Crude Oil prices have dropped since the beginning of October because of the market’s expectation that Saudi Arabia will make up for lost supply from Iran and slowing world demand growth for crude oil. For example, the January Crude Oil contract price has decreased $7.25 from October 1 to October 26 (Chart 1, black line).
Products refined from Crude Oil have dropped in price in tandem with Crude Oil prices. For example, the January RBOB Gasoline contract price decreased by over 30 cents per gallon (or $13.00 per barrel) from October 1 to October 26 (Chart 2, black line). This means that the finished product, Gasoline, dropped in price greater than the underlying raw material price, Crude Oil.
Thus the spread between January Gasoline and January Crude Oil (the Crack Spread) reduced by $5.75 (Chart 3, black line). This Crack Spread drop is understandable as the summer Gasoline driving season has ended and demand is decreasing.
In comparison, the January Heating Oil contract price decreased by only 11 cents per gallon (or $4.62 per barrel) from October 1 to October 26 (Chart 4, black line). Heating Oil dropped in price less than Crude Oil so the Heating Oil Crack spread widened by over $2.50 (Chart 5, black line). This Crack Spread increase is reasonable in that Winter Heating season has begun and demand for Distillates is at record levels for this time of the year.
Consequently, we recommend consideration of being short Gasoline to Crude spreads and being long Heating Oil to Crude spreads.
Fundamentals continue to be bearish to price with another low FAS export sales report for the 2018-2019 market season. Weekly Export Sales for the week ending October 18 reported soybeans exports at 213,700 ton (Chart 6, orange line). The sales number was below expectations of 300,000 – 700,000 metric tons.
Weekly Export Sales for the week ending October 18 reported corn exports at 377,500 metric tons (Chart 7, orange line). The sales number was below expectations of 400,000 – 800,000 metric tons.

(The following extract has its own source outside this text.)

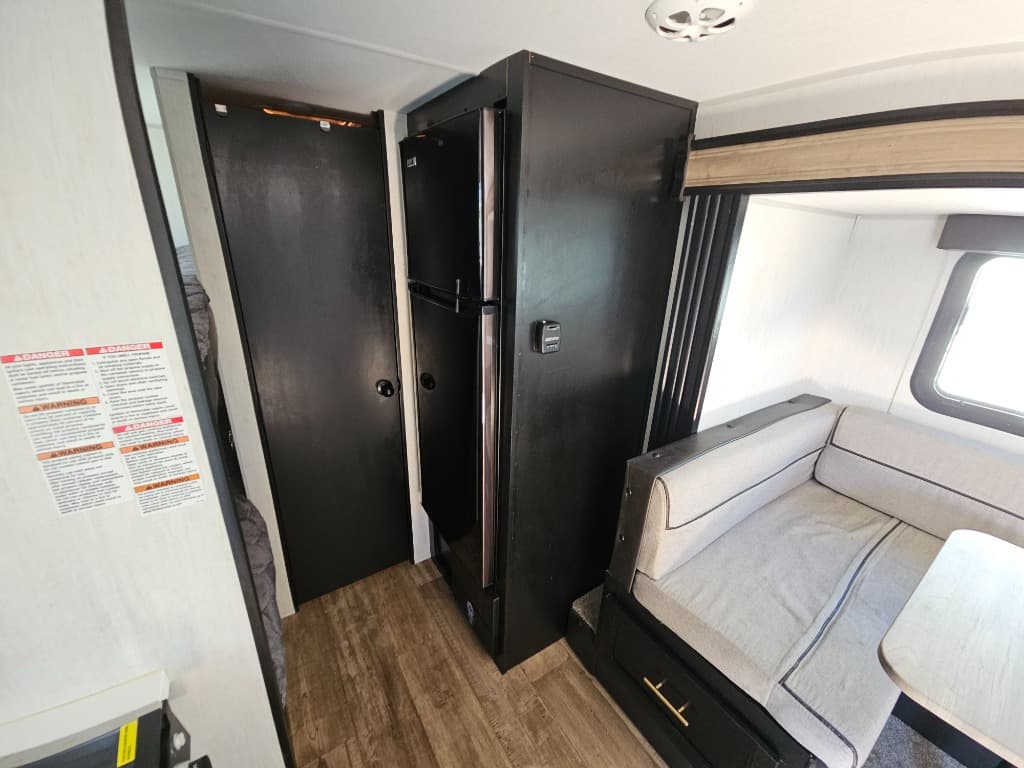 2023 Forest River 2023 Forest River Cherokee Wolf Pup Black Label - thumbnail 24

Soybeans and Corn prices dropped sharply on the poor weekly export sales. Large harvest advancements and a stronger dollar are adding to the downward seasonal pressure on prices. Producers are storing much of the crop as they are not willing to sell at current low prices. With these pressures on prices we suggest consideration of short positions in both soybeans and corn.